Hands-on examples of Linx.Seccomp — Linux syscall-filter primitives.

Detection (supported?/0, arch/0) and the constants / syscall-table queries work in a plain iex -S mix session against any kernel ≥ 3.5. Filter construction (allow_list/2, deny_list/2, Builder, from_rules/1) is also plain — no installation, no root. Installation (install/2) is agent-side at the Linx.Process checkpoint — needs a parked session and (typically) no_new_privs: true or root.

Per-arg matching (allow_if/3) is not yet available.

Detecting seccomp support

Linx.Seccomp.supported?()
# => true

supported?/0 returns true iff /proc/self/status contains a Seccomp: line — true on any Linux ≥ 3.5, which is every kernel Linx targets.

Inspecting the running architecture

Linx.Seccomp.arch()
# => :x86_64

# On aarch64:
Linx.Seccomp.arch()
# => :aarch64

The arch atom drives which syscall table is used when building filters.

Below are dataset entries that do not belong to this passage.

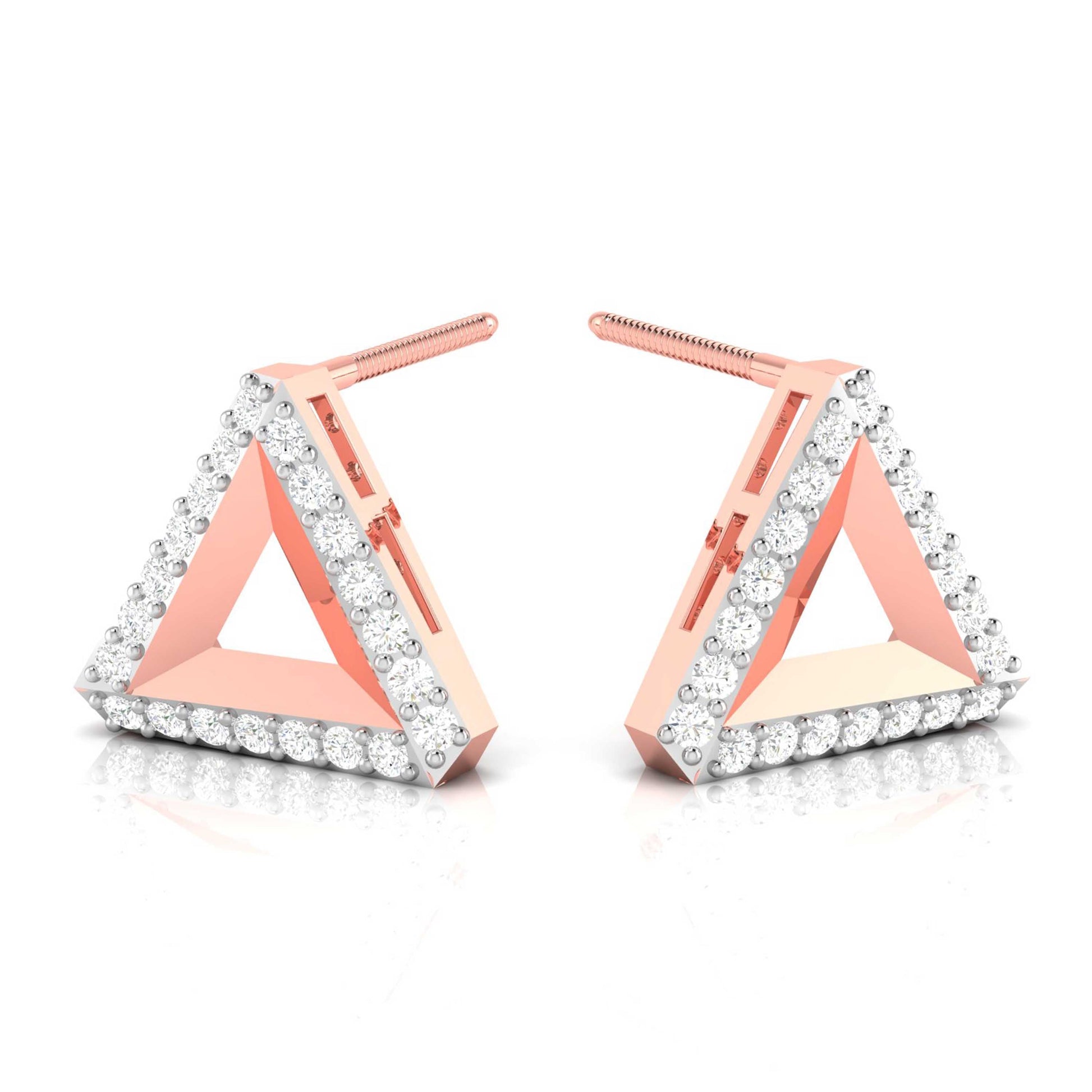 Small earrings design Tarragon Lab Grown Diamond Earrings Fiona Diamonds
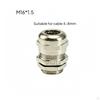Brass Cord Grip Stainless Steel Strain Relief Wire Seal Fitting for Workbench, Machine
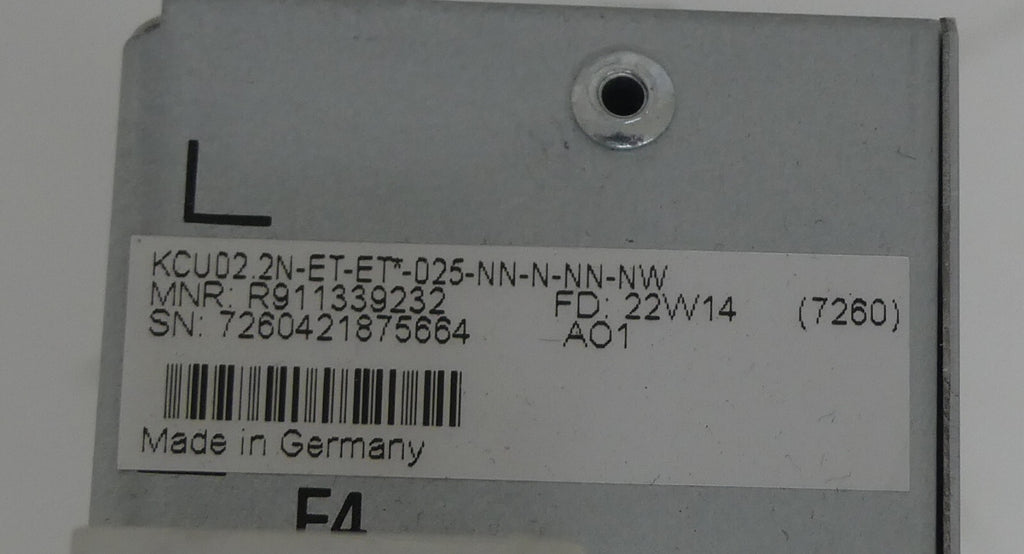 rexroth KCU02.2N-ET-ET*-025-NN-N-NN-NW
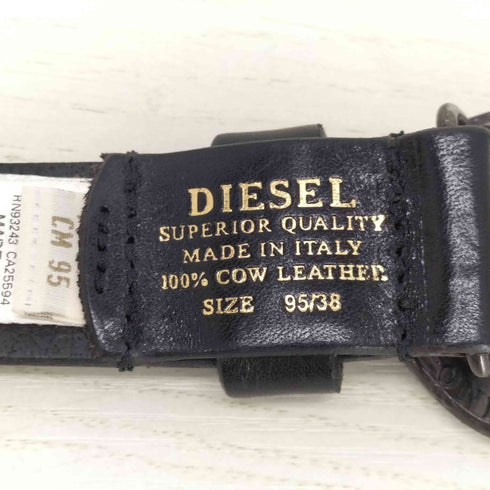 ディーゼル DIESEL ロゴ レザーベルト メンズ
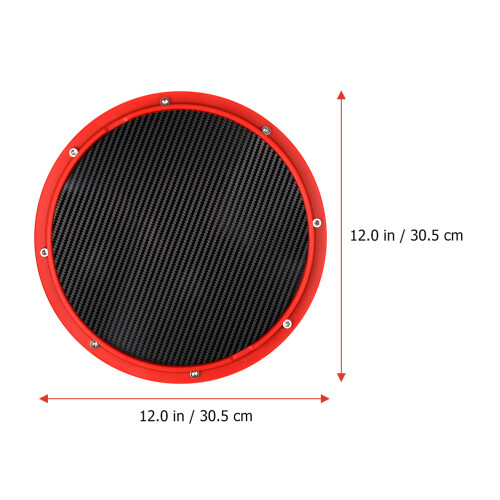 Red Drum Practice Pad ABS Plastic Carbon Fiber Drum Metronome 1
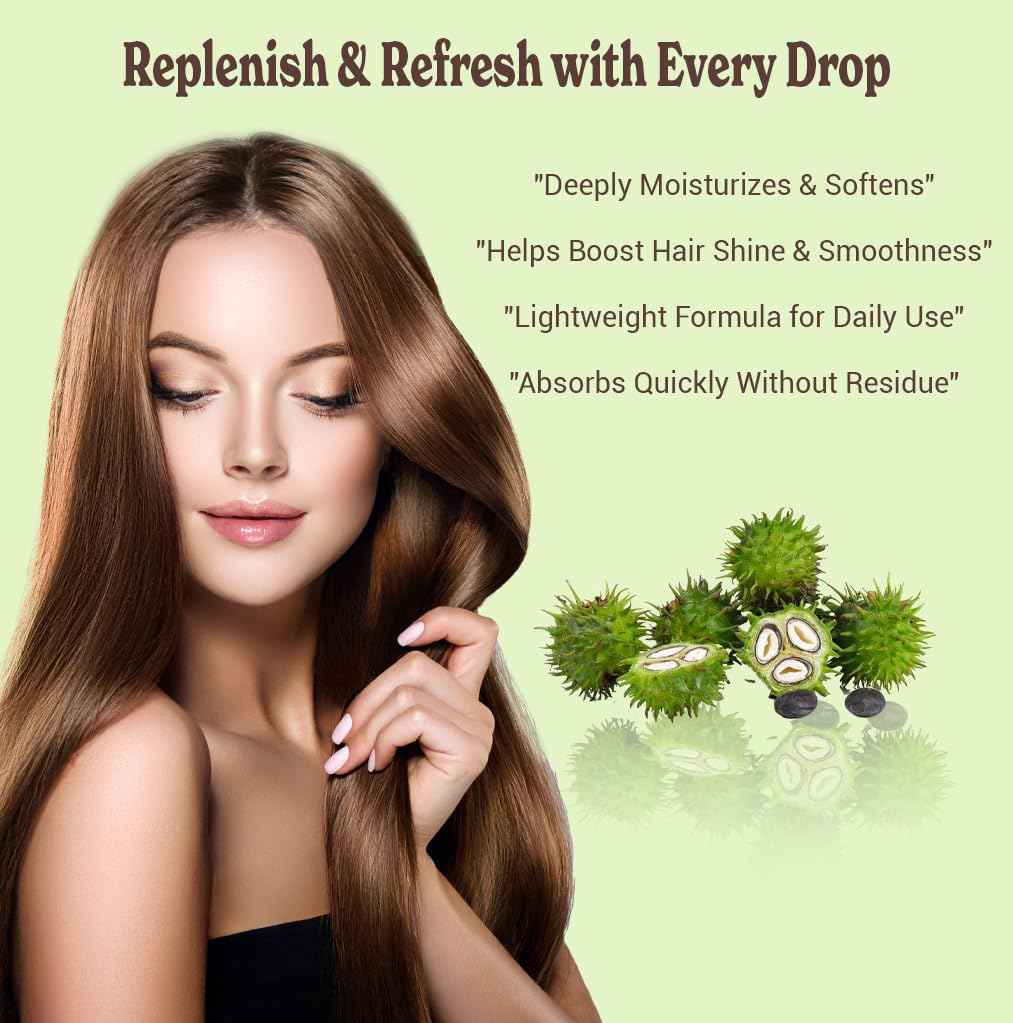 Natural Born Oils Jamaican Black Castor Oil, 16oz, Organic, Cold-Pressed, Fatty Acids, Deep Hydration for Skin, Hair Restoration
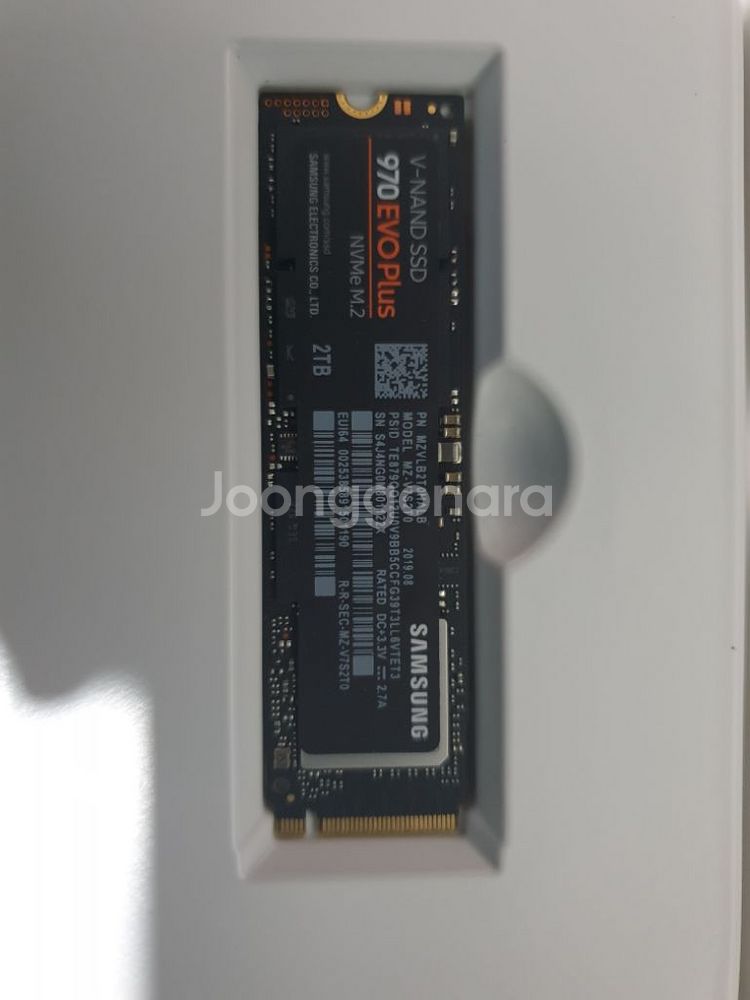 삼성 970 Evo+ plus 2TB 팝니다--1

Linx v1 supports :x86_64 and :aarch64; other arches return :unsupported.

Querying the syscall table

Linx.Seccomp.Syscalls.to_number(:read, :x86_64)
# => 0
Linx.Seccomp.Syscalls.to_number(:read, :aarch64)
# => 63
Linx.Seccomp.Syscalls.from_number(317, :x86_64)
# => :seccomp
Linx.Seccomp.Syscalls.from_number(99999, :x86_64)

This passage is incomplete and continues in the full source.